Required work>
Every entry below, first to last, should be restated word for word.

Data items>

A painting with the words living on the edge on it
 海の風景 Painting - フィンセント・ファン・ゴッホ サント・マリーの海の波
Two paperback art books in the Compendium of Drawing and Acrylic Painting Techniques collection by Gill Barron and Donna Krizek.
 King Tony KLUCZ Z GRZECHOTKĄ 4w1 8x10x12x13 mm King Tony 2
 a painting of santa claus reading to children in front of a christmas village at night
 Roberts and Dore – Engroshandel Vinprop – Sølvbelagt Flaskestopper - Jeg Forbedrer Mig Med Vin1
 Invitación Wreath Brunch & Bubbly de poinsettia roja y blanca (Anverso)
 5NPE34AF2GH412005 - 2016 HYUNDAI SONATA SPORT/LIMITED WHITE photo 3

The answer>
A painting with the words living on the edge on it
 海の風景 Painting - フィンセント・ファン・ゴッホ サント・マリーの海の波
Two paperback art books in the Compendium of Drawing and Acrylic Painting Techniques collection by Gill Barron and Donna Krizek.
 King Tony KLUCZ Z GRZECHOTKĄ 4w1 8x10x12x13 mm King Tony 2
 a painting of santa claus reading to children in front of a christmas village at night
 Roberts and Dore – Engroshandel Vinprop – Sølvbelagt Flaskestopper - Jeg Forbedrer Mig Med Vin1
 Invitación Wreath Brunch & Bubbly de poinsettia roja y blanca (Anverso)
 5NPE34AF2GH412005 - 2016 HYUNDAI SONATA SPORT/LIMITED WHITE photo 3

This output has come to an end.